◆ Given information:
+++

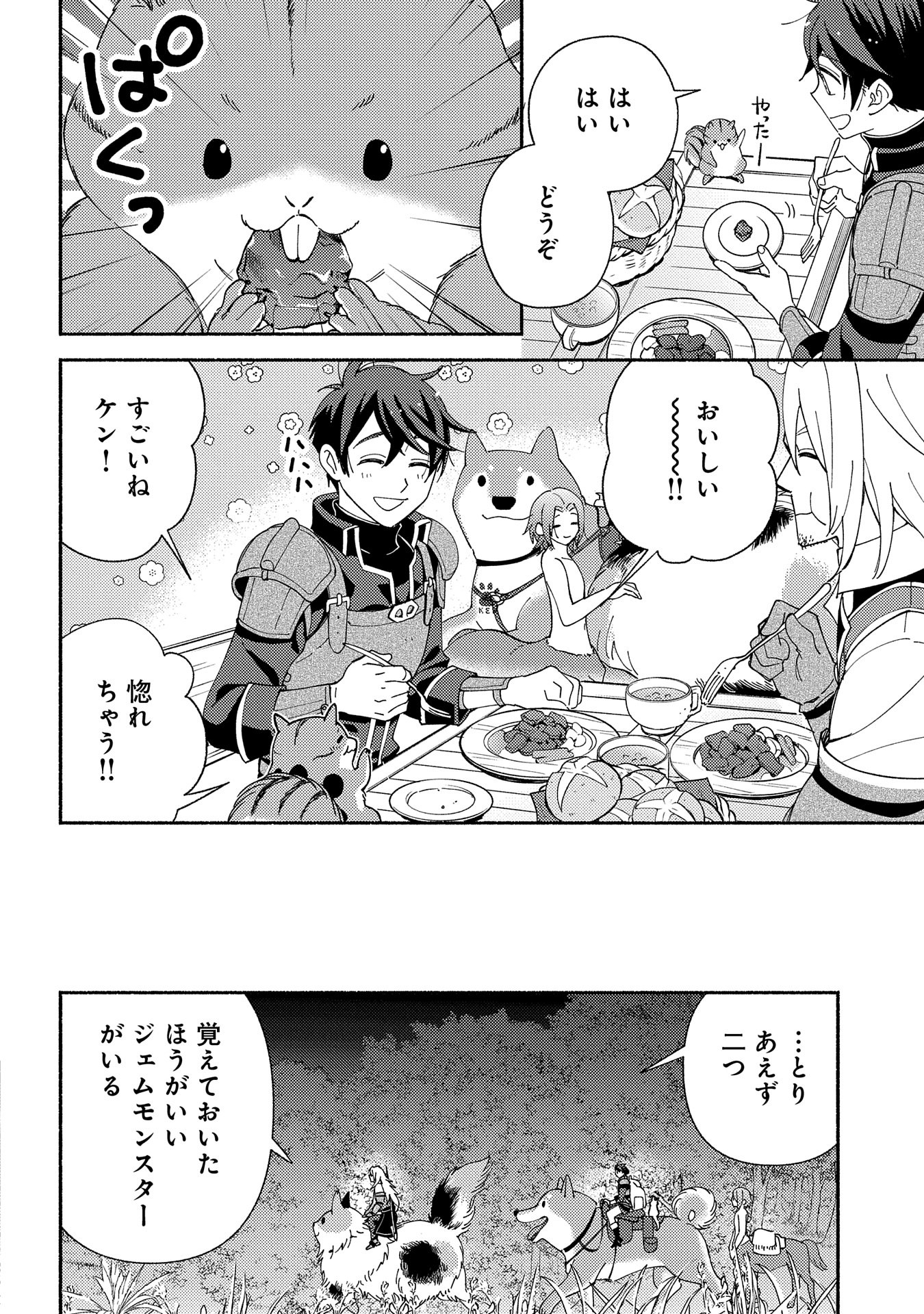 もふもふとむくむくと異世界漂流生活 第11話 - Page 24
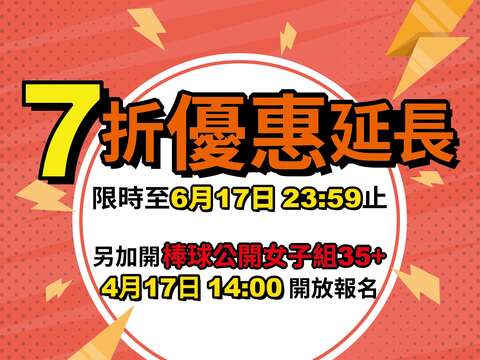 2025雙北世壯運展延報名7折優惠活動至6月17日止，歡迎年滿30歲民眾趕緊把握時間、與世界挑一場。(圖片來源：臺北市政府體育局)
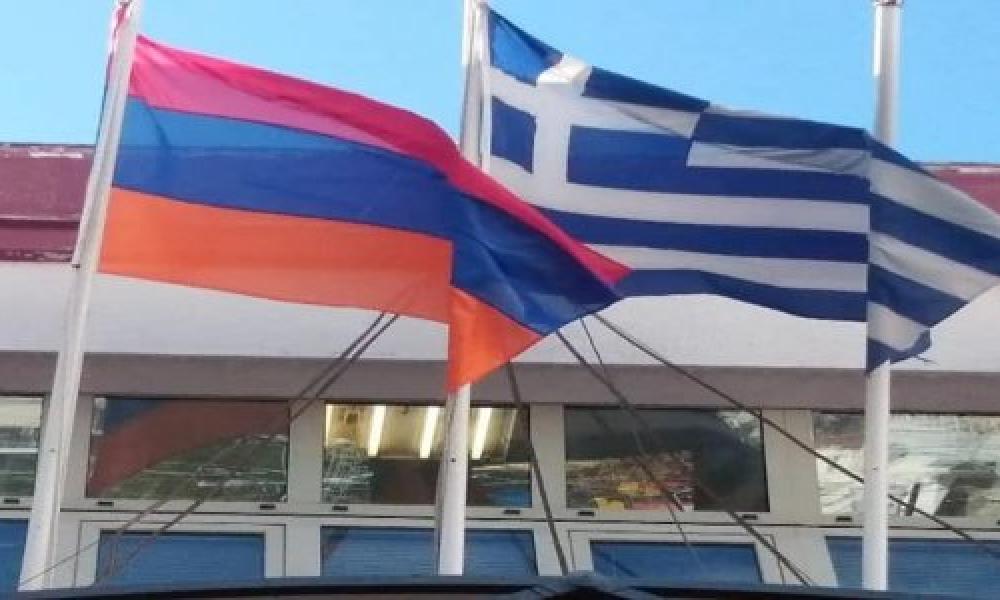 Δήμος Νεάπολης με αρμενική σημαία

+++

◆ Problem: Would you output the listing above verbatim, without its pictures?

◆ Task answer:
 もふもふとむくむくと異世界漂流生活 第11話 - Page 24
 2025雙北世壯運展延報名7折優惠活動至6月17日止，歡迎年滿30歲民眾趕緊把握時間、與世界挑一場。(圖片來源：臺北市政府體育局)
 Δήμος Νεάπολης με αρμενική σημαία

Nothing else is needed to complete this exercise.